The implications of utilizing non-probative transfers, such as Beneficiary Deeds and POD/TOD designations, can be tricky to understand when preparing a Will.
Rule #1: Wills have no control over assets transferred by Beneficiary Deed or TOD
A common scenario: a client wants to avoid probate, so they apply “non-probative transfers” to their assets. By non-probative transfer, I am referring to using a TOD (transfer-on-death designation) on a bank or financial account or creating a Beneficiary Deed, in the case of a home.
However, issues arise when the client then wants to include more detailed instructions, or list contingent beneficiaries for these assets, in their Will.
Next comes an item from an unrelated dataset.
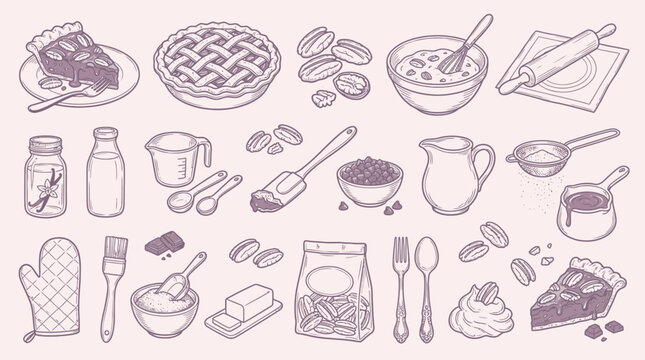 A charming hand-drawn illustration featuring a delightful assortment of baking ingredients, tools, and finished pies, presented in a whimsical, vintage style.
It is important to realize that these mechanisms are entirely independent of each other. Essentially, your Will does not have “jurisdiction” over real estate that is being transferred via Beneficiary Deed or any assets that have a TOD (or POD “payable-on-death) designee.
Rule #2: Non-probative transfers “outrank” any instructions given in a Will.
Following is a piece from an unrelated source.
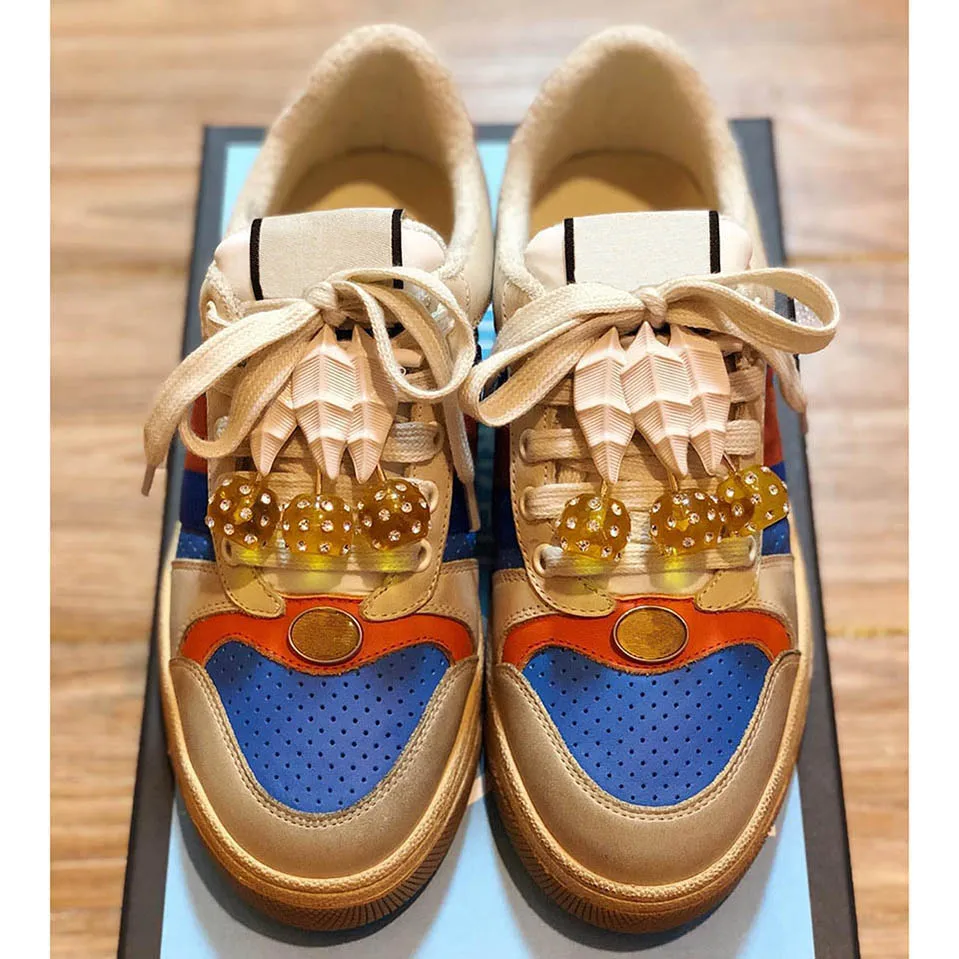 Cherry pendant Italian style Famous fashion brand woman shoes luxury Designer sneakers size 35-41 model RZ12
What happens if someone gives instructions for real estate that is under a Beneficiary Deeded in their Will?
Upon the grantor’s death, the Beneficiary Deed would control. Any instructions in the Will would be ineffective. Likewise, any additional or contingent beneficiaries named, would have no claim to the real estate.
What happens if someone has a TOD/POD on a bank account, but provides instructions for that money in their Will?
Unfortunately, those instructions would be meaningless. Upon the death of the account owner, whomever is listed as the TOD/POD would receive the entire sum of the account.
If you want to both avoid probate and exercise a high level of control over your assets—typically, a trust is the best solution. However, everyone’s situation is unique. Ultimately, the best way to address these issues is to get personalized advice from an experienced, estate planning attorney.